The Wall of Storms is the follow up to The Grace of Kings. I started reading this immediately after I finished reading the last novel. I absolutely loved the first book in the series, so the bar was high for this novel. Perhaps, the bar was set to high, because I was a little disappointed in this novel. It’s not that it was bad, but it clearly does not measure up to the first novel in the series.
The novel takes place about ten years after The Grace of Kings. Kuni Garu is now the emperor trying to keep his kingdom together with duct tape and cult of personality. He faces treachery from within his own house, disgruntled nobles in the various kingdoms, and followers of the deceased hegemon. This is all the prelude to an upcoming invasion by a group of people who seem kind of like Vikings, but instead of longships they have flying beasts that breathe fire and are capable of all sorts of destruction.
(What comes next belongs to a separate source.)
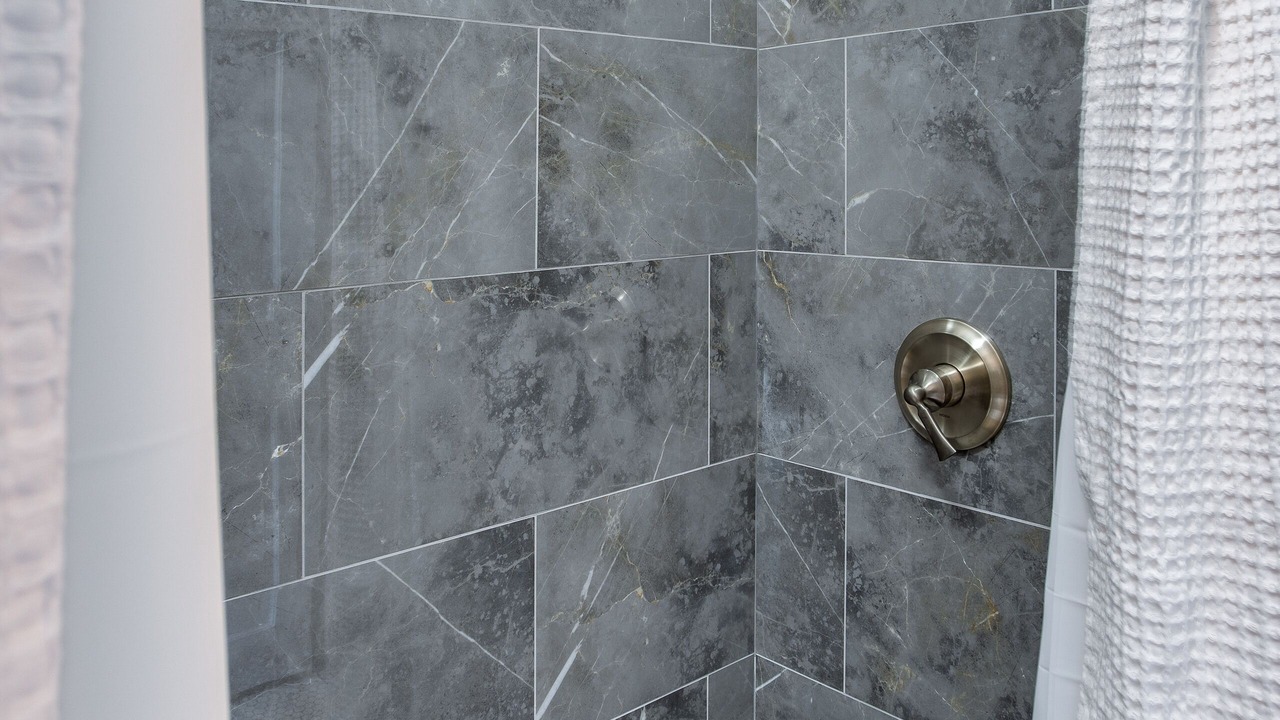 Photo of Bathroom in East Avenue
There is a lot of intrigue in this novel. There are also all sorts of technological innovations, which set this series apart from any epic fantasy series I have ever read, where magic is replaced by primitive (by our standards) technological innovation. There are, however, two big problems in this novel. One is that it is overwritten. It doesn’t have to be nearly as long as it is. I think if about 200 pages or so were chopped off, it would have been a better read. There are entire passages and flashbacks that contribute little to the story. The second point is that the characters in the first novel were terrific. They were phased out or killed off in this novel, for the most part, and the next generation of characters replacing them, which were more in focus here, were not nearly as compelling. In any story, but especially a series, the characters are the lifeblood of the story.
The ending of the novel sets up for a third in the series, and I will be interested in reading it, but my enthusiasm for it has waned a bit.